By 2003, some African countries, including South Africa, will have negative population growth, she said.

According to her, 20 percent or more of the adult population in Botswana, Lesotho, Namibia, South Africa, Swaziland, Zambia and Zimbabwe are infected with AIDS.

The World Bank economist for Africa, Alan Gelb, says that AIDS has been even more devastating than the numbers suggest, as the disease is most likely to infect young adults entering the most productive period of their lives. He said this at the launch of the World Bank Report in July 2000.

AIDS, in turn, will have a devastating impact on the economies of countries. According to Gelb, in the worst-affected African countries, labour markets have been crippled, national savings rates have declined, and economists are forecasting severe shortages of skilled manpower, as an entire generation is depleted by the epidemic.

And AIDS is spreading at a rate that was unimaginable five years ago. There are now 25 million AIDS cases in Africa. More than 8 million African children have become ‘AIDS orphans’.

The social and health crises unfolding in Africa is linked to the debt crisis (and growing poverty) afflicting the continent.

The ongoing immiserisation of Africa and the systemic crises that confronts the continent, resulting in the collapse of social and public health and delivery systems, the ensuing social dislocation and unrest, is a leading factor in the AIDS pandemic.

These are ideal conditions for the spread of ill health, diseases, death and epidemics. It is little wonder that AIDS has exploded in Africa, killing almost two and a half million people last year, whereas 200,000 Africans died in wars in 1998.

According to UNAIDS, the disease is intensifying in Russia, Eastern Europe, India and Latin America – areas that are under enormous social and economic stress and instability where state welfare (and health) systems have collapsed.

Can the exponential leap in the AIDS epidemic worldwide be attributed mainly to sexual behaviour, as it is claimed that AIDS is largely a sexually transmitted disease?

In the light of the impending catastrophe that awaits Africa – drastically shortened lifespans and negative population growth due to severe escalating death rates from AIDS, and economic collapse - the US and the industrialised nations spend less than one percent of their overseas development budgets on AIDS.

This was revealed in a UN study in 1999, which showed that the rich countries spend $350 million to fight AIDS but their spending was not in keeping with the spread of the disease.

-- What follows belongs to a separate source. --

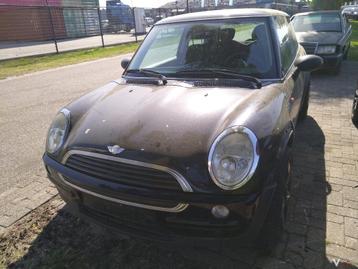 mini cooper in onderdelen  beschikbaar voor biedingen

According to a press report dated 23 April 1999, the UNAIDS Director was quoted as saying: ‘Twenty years into the epidemic … AIDS is expanding three times faster than the funding to control it. Weighed against the global catastrophe of the AIDS epidemic, level of spending for HIV is minimal.’

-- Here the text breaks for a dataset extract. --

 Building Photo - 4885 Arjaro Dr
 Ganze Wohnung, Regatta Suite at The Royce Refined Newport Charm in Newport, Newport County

‘Donor nations must realize that their substantial investments towards improving conditions in developing nations will be effectively obliterated unless more is invested in fighting AIDS – the single greatest threat to global development today,’ he warned.

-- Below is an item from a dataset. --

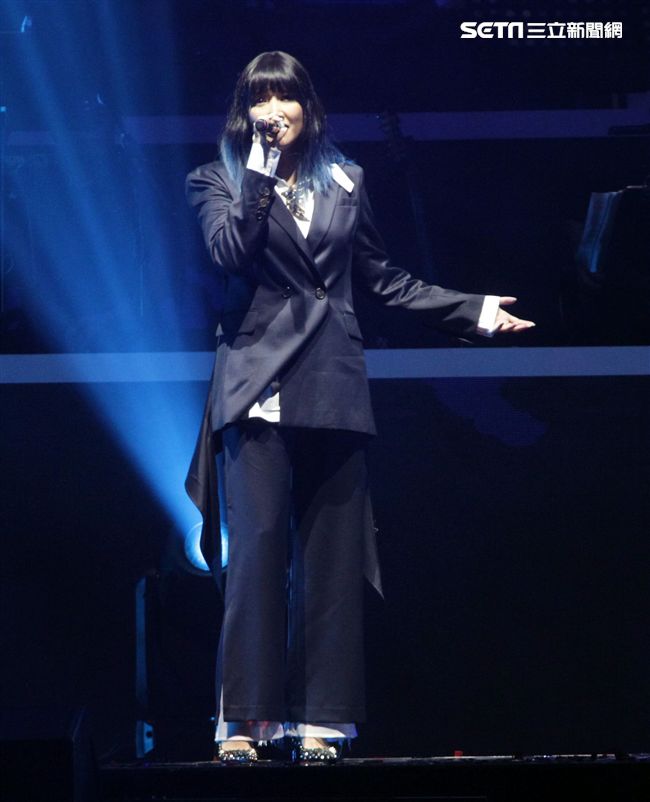 譚詠麟「銀河歲月40載｣世界巡迴演唱會，A-Lin現身兩人合唱「遊子」。（記者邱榮吉/攝影）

UNAIDS says that AIDS funding in Africa alone will require more than $3 billion per year and only a fraction of this amount is available. It realises that one of the major obstacles in the battle against AIDS is the lack of funds.

Kofi Annan, the UN Secretary-General, last February made an appeal to the UN member states to mobilize resources to reverse the AIDS pandemic.

It is still yet to be seen how the rich countries will respond to the AIDS pandemic.

A Special Session of the UN General Assembly is planned for June to devise a Global Action Plan against AIDS. The meeting aims to secure political and social commitments to fight the epidemic and includes focusing on international funding, debt relief, and the pharmaceutical industry, among others.

However, WB-IMF policies are still in place that continue to exact strict conditionalities and force poor countries to go on paying their debts.

Drug companies still insist that Third World countries must pay world market prices for anti-AIDS drugs, otherwise they will be faced with trade sanctions.

And South Africa is being sued by the drug corporations and their Northern proxies for making anti-AIDS drugs affordable to AIDS patients.

If this is any indication, the view is hardly rose-coloured.